> What to work on: Copy out the data below from the line containing "Good morning, this" to the line containing "What's up everybody, Armand", both lines included, with all images left out.

> Records shown:
------------------------
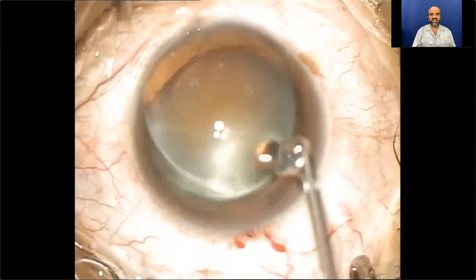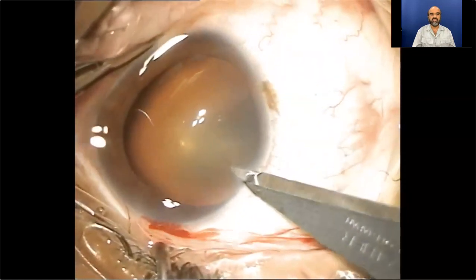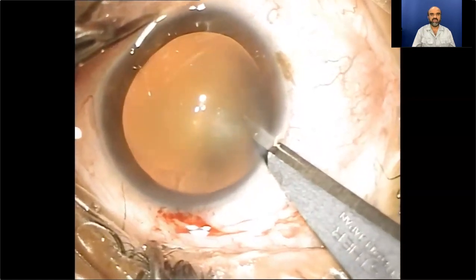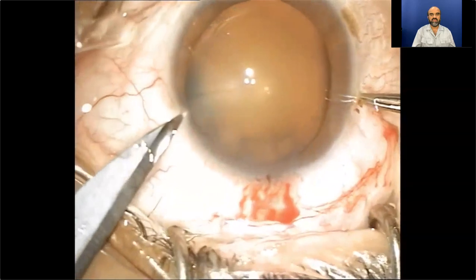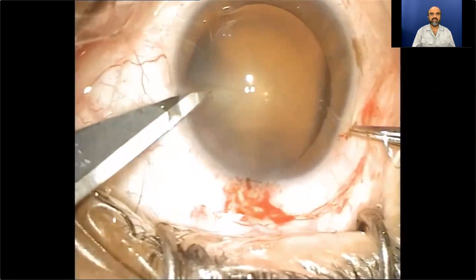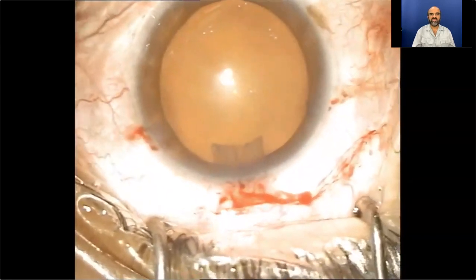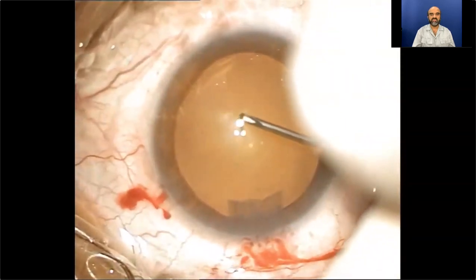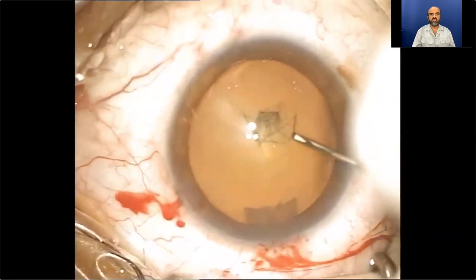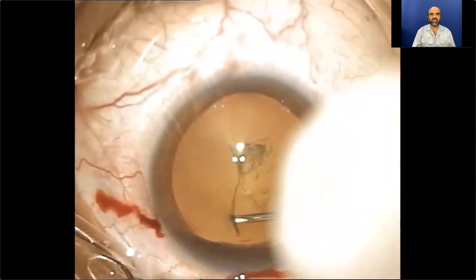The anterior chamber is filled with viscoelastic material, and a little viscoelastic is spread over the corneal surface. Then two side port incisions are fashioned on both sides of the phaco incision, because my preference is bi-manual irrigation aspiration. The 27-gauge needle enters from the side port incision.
------------------------
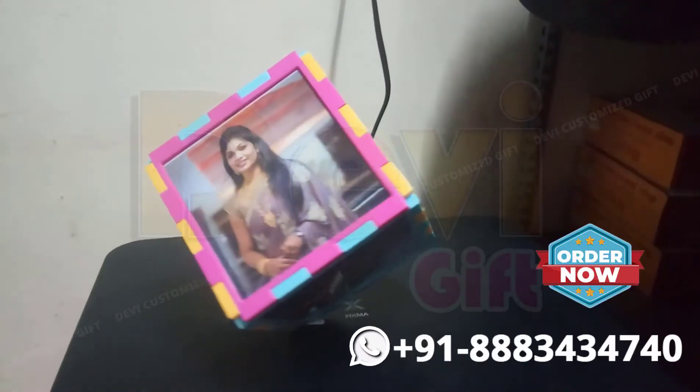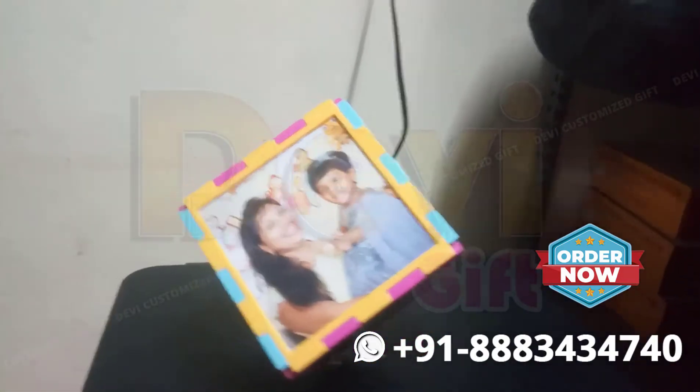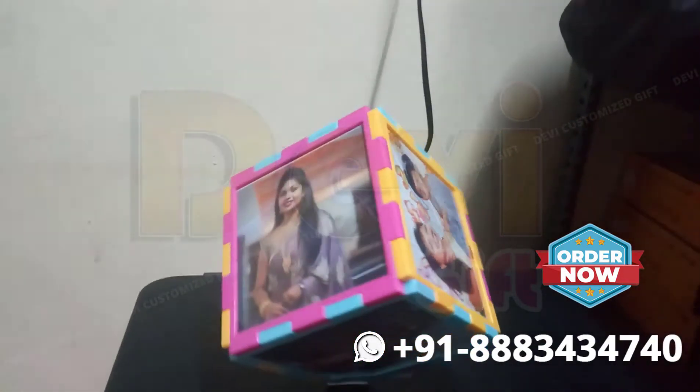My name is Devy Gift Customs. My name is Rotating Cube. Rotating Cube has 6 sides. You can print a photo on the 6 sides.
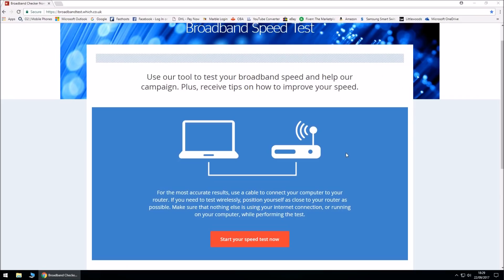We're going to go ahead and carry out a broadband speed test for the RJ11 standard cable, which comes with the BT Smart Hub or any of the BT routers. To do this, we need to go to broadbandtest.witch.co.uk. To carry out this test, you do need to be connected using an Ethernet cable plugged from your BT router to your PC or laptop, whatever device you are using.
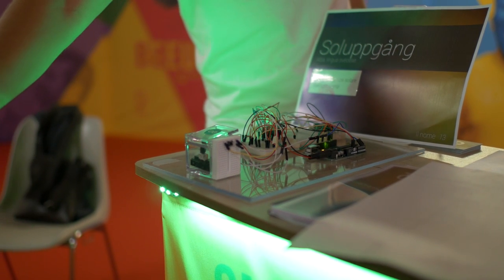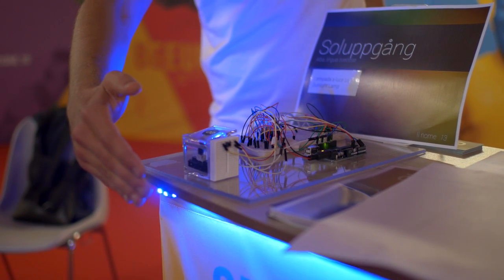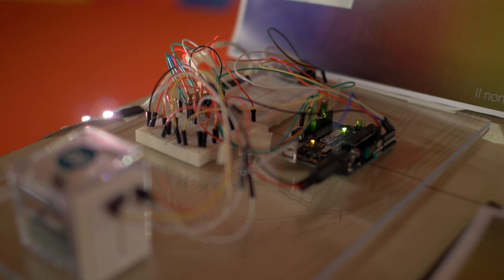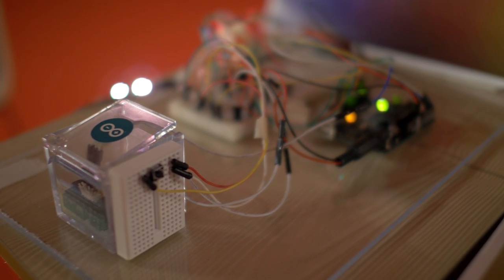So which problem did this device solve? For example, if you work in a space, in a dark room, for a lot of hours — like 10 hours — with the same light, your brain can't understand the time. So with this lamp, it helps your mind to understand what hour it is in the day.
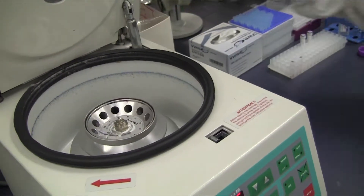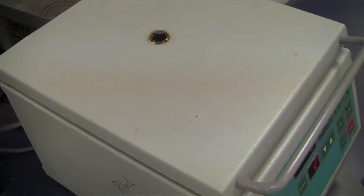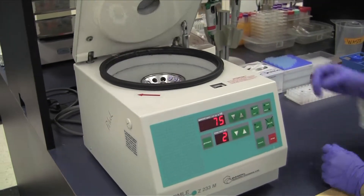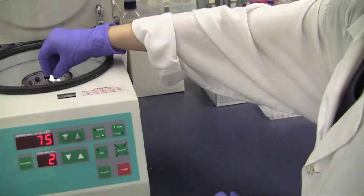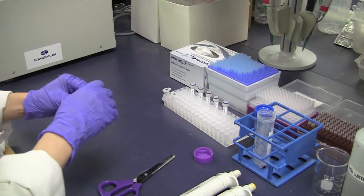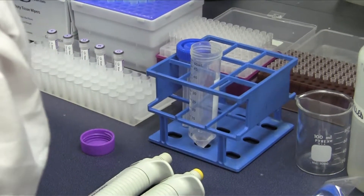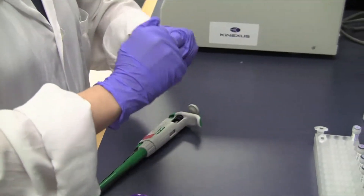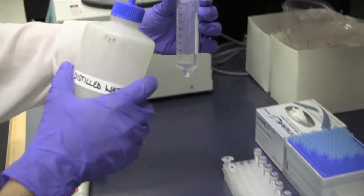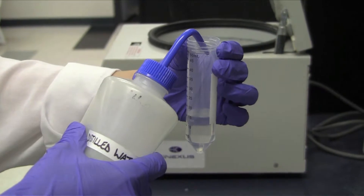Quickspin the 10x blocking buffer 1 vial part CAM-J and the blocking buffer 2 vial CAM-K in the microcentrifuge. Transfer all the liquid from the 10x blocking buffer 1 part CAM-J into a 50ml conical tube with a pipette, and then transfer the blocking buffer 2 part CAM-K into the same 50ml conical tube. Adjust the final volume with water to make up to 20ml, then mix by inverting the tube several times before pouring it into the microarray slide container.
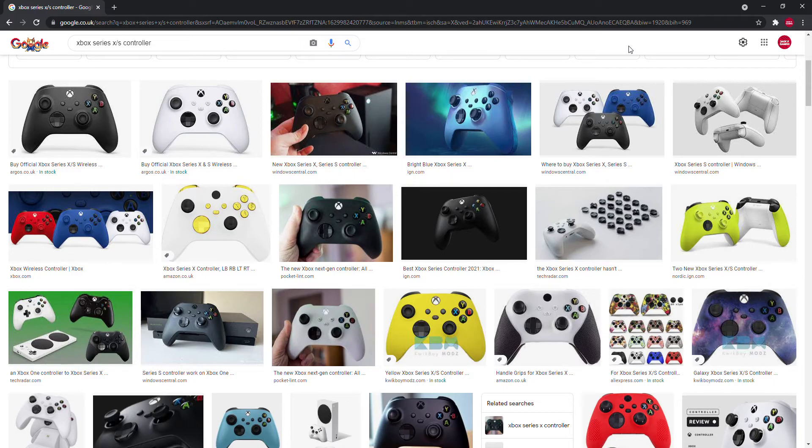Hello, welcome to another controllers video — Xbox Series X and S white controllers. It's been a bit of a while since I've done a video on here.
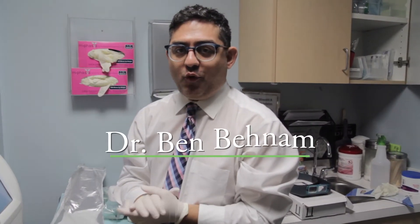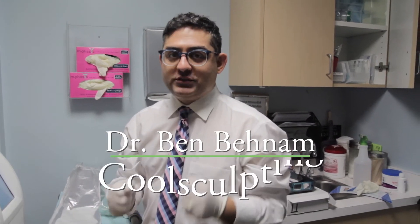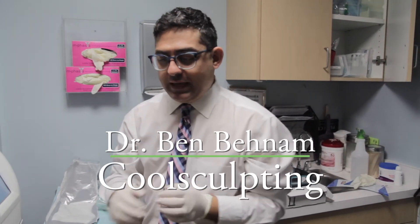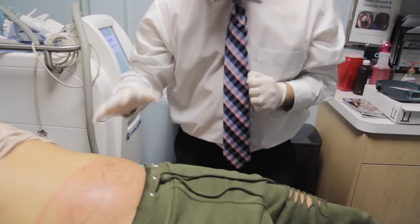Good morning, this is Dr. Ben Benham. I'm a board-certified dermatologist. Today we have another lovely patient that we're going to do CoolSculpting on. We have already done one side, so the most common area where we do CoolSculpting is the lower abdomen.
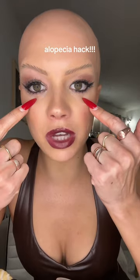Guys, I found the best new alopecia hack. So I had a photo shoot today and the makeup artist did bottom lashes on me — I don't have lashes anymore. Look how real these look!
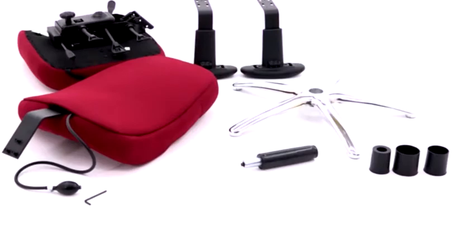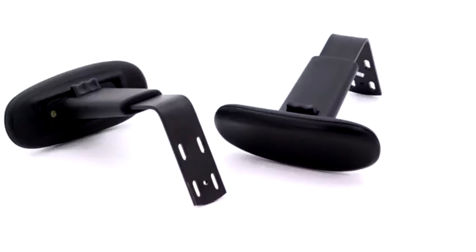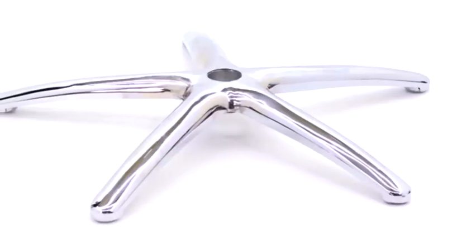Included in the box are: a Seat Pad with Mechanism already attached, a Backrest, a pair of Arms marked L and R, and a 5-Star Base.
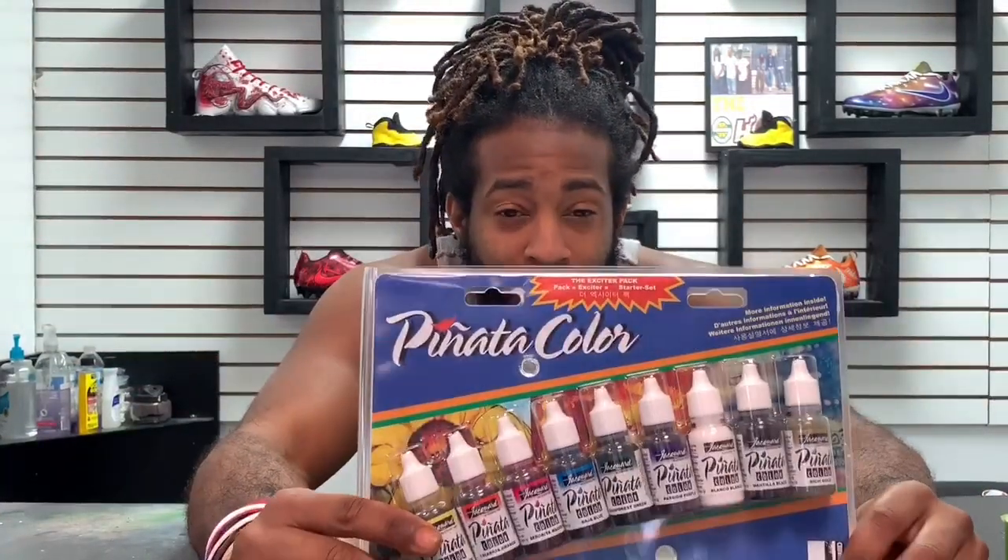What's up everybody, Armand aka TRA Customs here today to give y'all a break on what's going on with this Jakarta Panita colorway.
------------------------
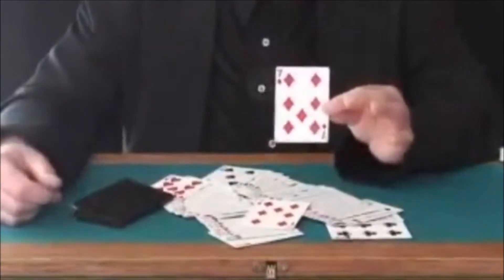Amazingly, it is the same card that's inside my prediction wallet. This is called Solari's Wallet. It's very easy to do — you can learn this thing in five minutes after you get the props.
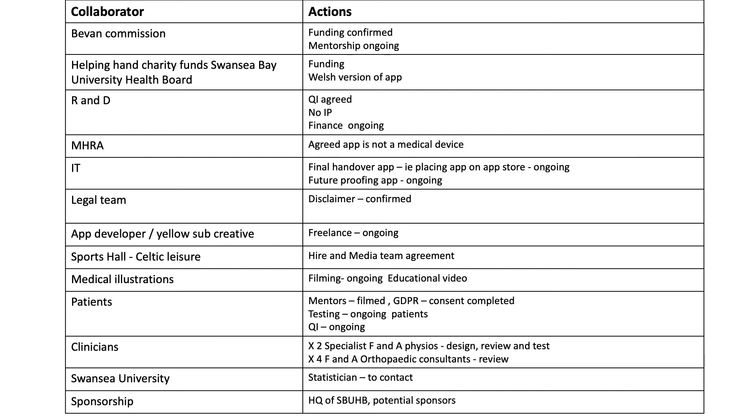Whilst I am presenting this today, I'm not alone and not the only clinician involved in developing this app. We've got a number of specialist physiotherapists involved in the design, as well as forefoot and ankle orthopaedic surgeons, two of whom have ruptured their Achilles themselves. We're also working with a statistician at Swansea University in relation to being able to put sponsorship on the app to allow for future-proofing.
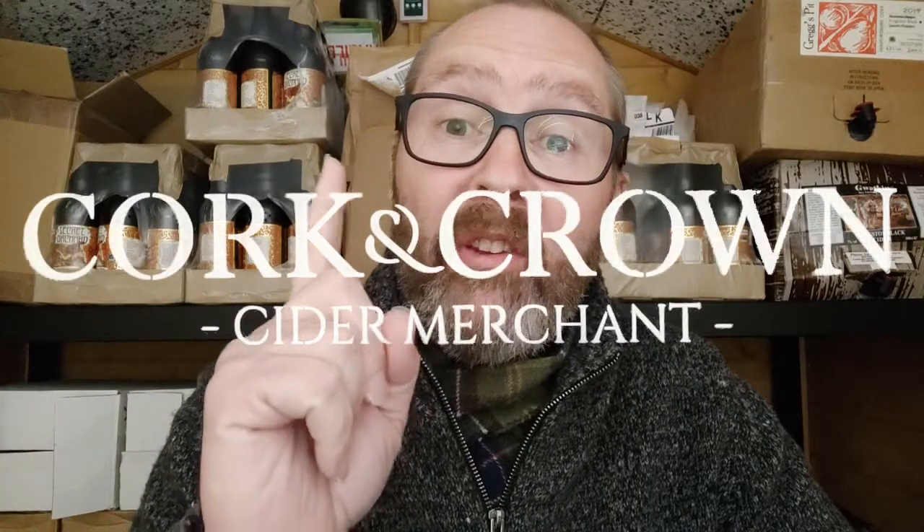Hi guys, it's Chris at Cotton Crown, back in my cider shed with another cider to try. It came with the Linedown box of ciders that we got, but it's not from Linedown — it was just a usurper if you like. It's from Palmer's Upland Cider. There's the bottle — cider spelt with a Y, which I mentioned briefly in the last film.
------------------------
> Answer to the problem:
Good morning, this is Dr. Ben Benham. I'm a board-certified dermatologist. Today we have another lovely patient that we're going to do CoolSculpting on. We have already done one side, so the most common area where we do CoolSculpting is the lower abdomen.
Guys, I found the best new alopecia hack. So I had a photo shoot today and the makeup artist did bottom lashes on me — I don't have lashes anymore. Look how real these look!
Included in the box are: a Seat Pad with Mechanism already attached, a Backrest, a pair of Arms marked L and R, and a 5-Star Base.
What's up everybody, Armand aka TRA Customs here today to give y'all a break on what's going on with this Jakarta Panita colorway.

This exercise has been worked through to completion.